Phase 3: Project Stand-up and Execution: Following the completion of Cloud strategy and design decisions, detailed plans must be drafted, and execution initiated. Prior to initiating individual projects, foundational steps must be taken, including stand-up of essential services (e.g., environment monitoring and network), cloud onboarding governance, security and compliance, Cloud centre of excellence. This phase is critical to the success of the migration, preventing re-work and minimizing execution risks. Projects must be managed within a framework of a program roadmap to account for interdependencies. Piloting is an important approach to consider reducing risk of failed migrations and to quickly gain lessons learned before deployments to the full user population. As much as possible, the migration should utilize industry leading migration automation tools to capture and migrate workloads.
Phase 4: Deployment: Finally, migrated applications are deployed into production environments. These go-lives are typically grouped into phases based on dependencies and coincide with TSA exits. The required time for deployments can greatly vary dependent on the scope of the migration, available talent, and complexity of the business.

4.2. SaaS Migration

In many ways, migrating from on-prem applications to a Software-as-a-Service (SaaS) based solution is like any application transformation during a separation. Migrations can be performed with little impact to other areas of the IT landscape and require many of the same implementation activities.

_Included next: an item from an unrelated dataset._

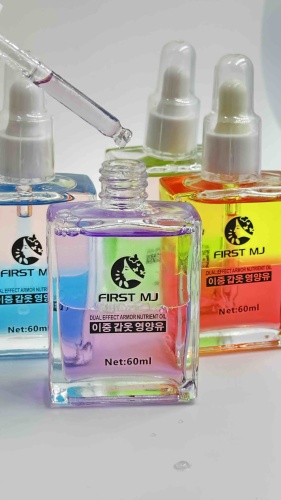 FIRST MJ масло для кутикулы и ногтей 60 мл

Additionally, SaaS migrations do not require a full Cloud first strategy, allowing more targeted transformations and supporting future Cloud enabled transformations in other parts of the business.
However, these migrations can be performed much more quickly than an on-prem to on-prem due to the elimination of IT infrastructure environment provisioning, application installation, and stand up of a full technical support team. These are particularly strong benefits when a business is being spun off our acquired with the intent of operating independently to quickly exit Transition Service Agreements (TSAs), reduce additional headcount, and minimize inherited technical debt from the patent company. Specific areas that should be considered for SaaS Migration are the (Enterprise Resource Planning) ERP, Human Resource Information systems (HRIS), Customer Relationship Management (CRM), Travel and Expense (T&E), Procurement, and email/IAM applications.

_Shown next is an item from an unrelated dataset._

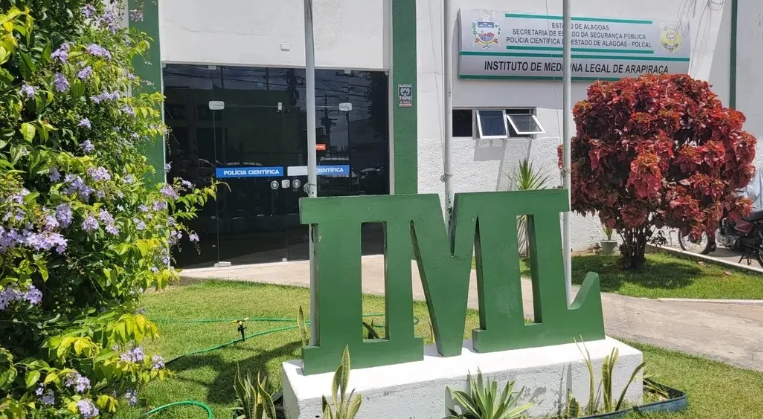 Exames no IML de Arapiraca identificam homem morto que usava documento adulterado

4.3. IT Operating Model Transformation to become Digital

Rarely do divested businesses not perform some level of operating model transformation as part of the separation. This is particularly true for IT as most organizations centralize to gain the benefits of scale, shared knowledge, and supporting enterprise IT assets. In the case of the sold business being acquired by buyer, operating models typically transform to conform to the buyer’s operations. In the case of a spin-off or acquisition where the business will be operated independently, like in the case of a private equity (PE) firm, the business has can utilize the transaction to transform their organization to become more digital.
Transformed IT operating models to support truly digital business is almost always accompanied by and enabled by strategic cloud technologies [9]. Digital businesses must be organized for continuous innovation with minimal barriers to experimenting, developing, prototyping, and deploying new solutions. Cloud specifically enables businesses to be organized for innovation in two primary areas:
1. Agile and DevOps Workforce: Cloud is a key enabler in shifting not only the IT function, but the entire organization to Agile operations with integrated DevOps [10]. Development teams can self-serve to stand up entire environments in hours instead of weeks, IT infrastructure teams can focus on continuously improving operations and less on responding to incidents and requests. Finally, business teams can partner with dedicated IT teams to experiment and develop new solutions to improve or create new business capabilities in a fraction of the time.
2. Access to New Technologies: Unless an organization has substantial scale, inhouse industry leading technology platforms in AI, AR/VR, analytics, security automation are often cost prohibitive. However, these platforms come out of the box with public IaaS with no upfront licensing costs. Access to these technologies and the ability to ingrate with enterprise applications gives business teams a wider range of opportunities to experiment and innovate [11].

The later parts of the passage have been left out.